On this magical night, glowing jack-o-lanterns, carved from turnips or gourds, were set on porches and in windows to welcome deceased loved ones, but also to act as protection against malevolent spirits. Burning lumps of coal were used inside as a source of light, later to be replaced by candles. When European settlers, particularly the Irish, arrived in American they found the native pumpkin to be larger, easier to carve and seemed the perfect choice for jack-o-lanterns. Halloween didn’t really catch on big in this country until the late 1800′s and has been celebrated in so many ways ever since!

Pumpkins are indigenous to the western hemisphere and were completely unknown in Europe before the time of Columbus. In 1584, the French explorer Jacques Cartier reported from the St. Lawrence region that he had found “gros melons”, which was translated into English as “ponpions,” or pumpkins. In fact, pumpkins have been grown in America for over 5,000 years. Native Americans called pumpkins “isquotersquash.”

Opposition to Halloween (fun governors)

Other Christians feel concerned about Halloween, and reject the holiday because they feel it trivializes – or celebrates – paganism, the occult, or other practices and cultural phenomena deemed incompatible with their beliefs. A response among some fundamentalist and conservative evangelical churches in recent years has been the use of ‘Hell houses’, these are haunted attractions typically run by American, fundamentalist Christian churches or parachurch groups. These depict sin, the torments of the damned in Hell, and usually conclude with a depiction of heaven. They are most typically operated in the days preceding Halloween.
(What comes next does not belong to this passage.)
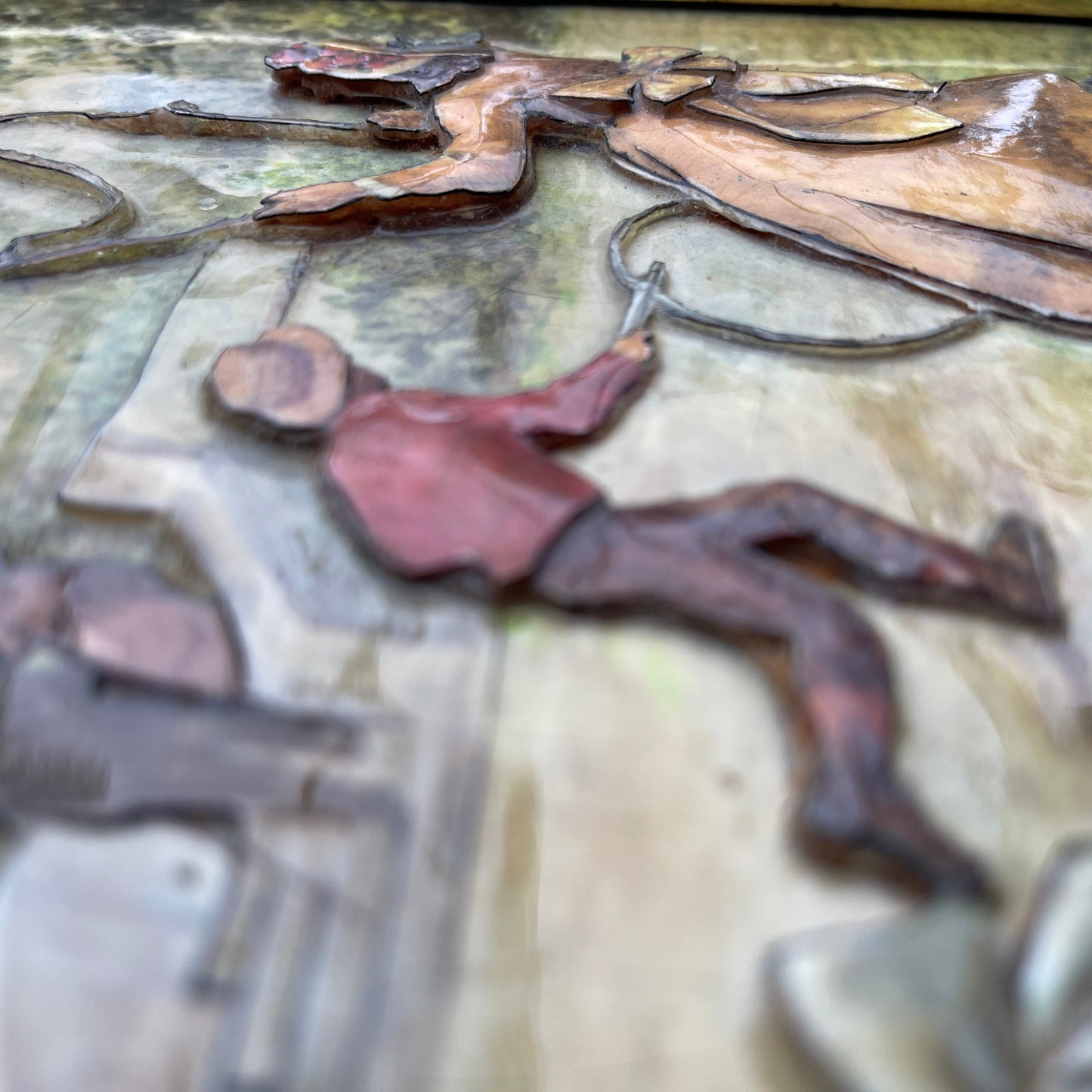 Metallic sculpture of a person with tools on a textured surface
A hell house, like a conventional haunted-house attraction, is a space set aside for actors attempting to frighten patrons with gruesome exhibits and scenes, presented as a series of short vignettes with a narrated guide. Unlike haunted houses, hell houses focus on occasions and effects of sin or the fate of unrepentant sinners in the afterlife. They occur during the month of October to capitalize on the similarities between hell houses and haunted attractions.

The exhibits at a hell house often have a controversial tone focusing on issues of concern to evangelicals in the United States. Hell houses frequently feature exhibits depicting sin and its consequences. Common examples include abortion, suicide, use of alcoholic beverage and other recreational drugs, adultery and pre-marital sex, occultism, homosexuality, and satanic ritual abuse. Hell houses typically emphasize the belief that anyone who does not accept Christ as their personal savior is condemned to Hell. To this, themed pamphlets, or comic-style tracts such as those created by Jack T. Chick in order to make use of Halloween’s popularity as an opportunity for evangelism. Some consider Halloween to be completely incompatible with the Christian faith because of its origin as a pagan “Festival of the Dead”. For example, Jehovah’s Witnesses do not celebrate Halloween because they believe anything that originated from a pagan holiday should not be celebrated by true Christians.